Towards Lightweight Super-Resolution with Dual Regression Learning

Published in IEEE Transactions on Pattern Analysis and Machine Intelligence (TPAMI)


Deep neural networks have exhibited remarkable performance in image super-resolution (SR) tasks by learning a mapping from low-resolution (LR) images to high-resolution (HR) images. However, the SR problem is typically an ill-posed problem and existing methods would come with several limitations. First, the possible mapping space of SR can be extremely large since there may exist many different HR images that can be super-resolved from the same LR image. As a result, it is hard to directly learn a promising SR mapping from such a large space.
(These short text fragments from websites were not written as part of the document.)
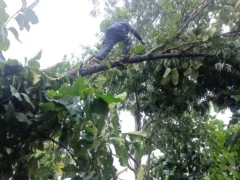 बहराइच: तेज बारिश‑हवा से 610 खंभे गिरे, नौ लाख लोग बिजली संकट में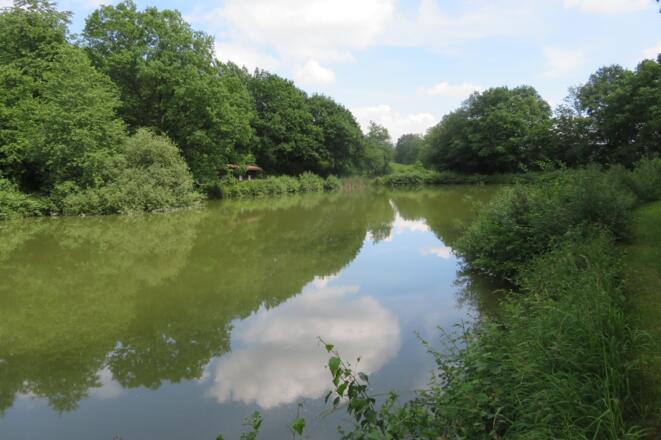 Weiher bei Fürnbach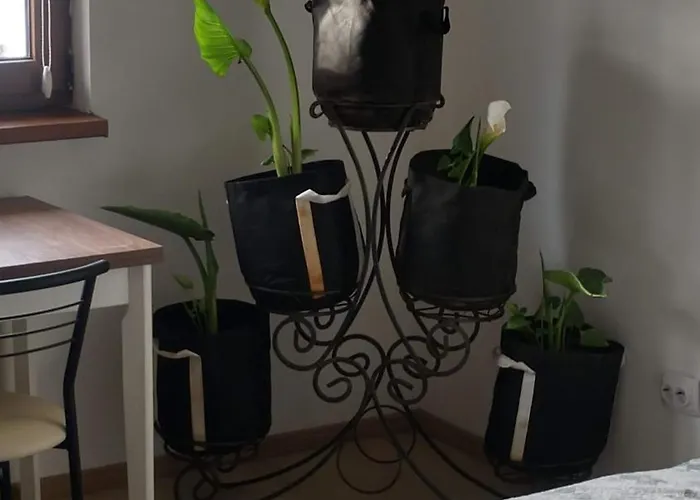 будинок біля лісу Apartament
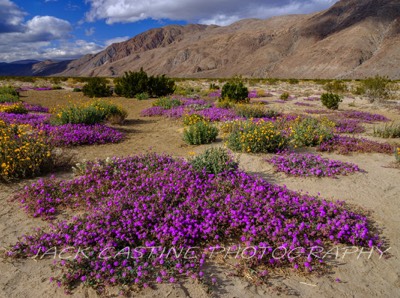  2023 02 27 - Coyote Canyon Wildflowers - Anza-Borrego Desert St Pk, - Borrego Springs, California 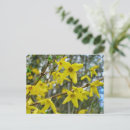 Suche nach forsythia postkarten Natur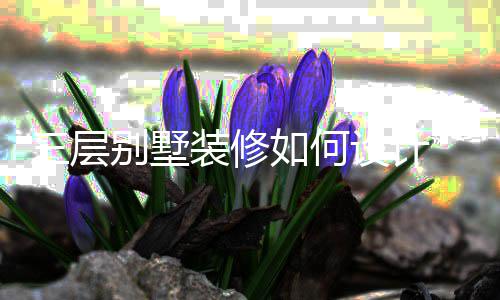 别墅修风三层设计 三墅装装修如何格层别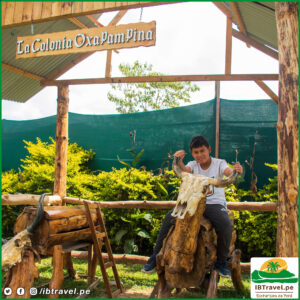 Fiesta Patronal Oxapampa - IBTravel - Salida confirmada (8)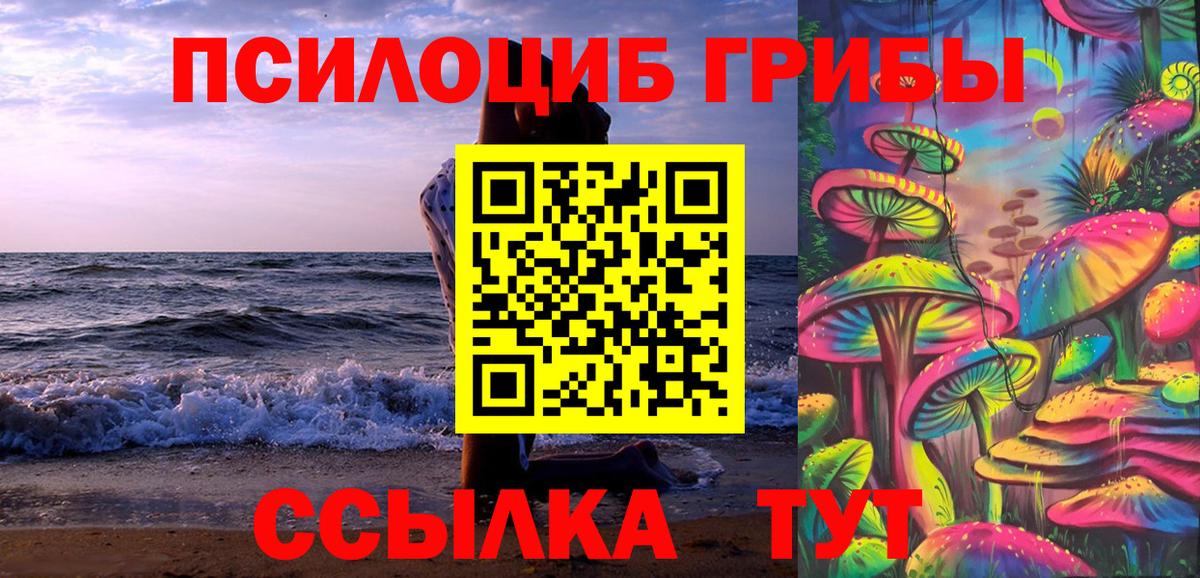 Псилоцибиновые грибы GOLDEN TEACHER Рославль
Second, it is often inevitable to develop very large models with extremely high computational cost to yield promising SR performance. In practice, one can use model compression techniques to obtain compact models by reducing model redundancy. Nevertheless, it is hard for existing model compression methods to accurately identify the redundant components due to the extremely large SR mapping space. To alleviate the first challenge, we propose a dual regression learning scheme to reduce the space of possible SR mappings. Specifically, in addition to the mapping from LR to HR images, we learn an additional dual regression mapping to estimate the downsampling kernel and reconstruct LR images. In this way, the dual mapping acts as a constraint to reduce the space of possible mappings. To address the second challenge, we propose a dual regression compression (DRC) method to reduce model redundancy in both layer-level and channel-level based on channel pruning. Specifically, we first develop a channel number search method that minimizes the dual regression loss to determine the redundancy of each layer. Given the searched channel numbers, we further exploit the dual regression manner to evaluate the importance of channels and prune the redundant ones. Extensive experiments show the effectiveness of our method in obtaining accurate and efficient SR models.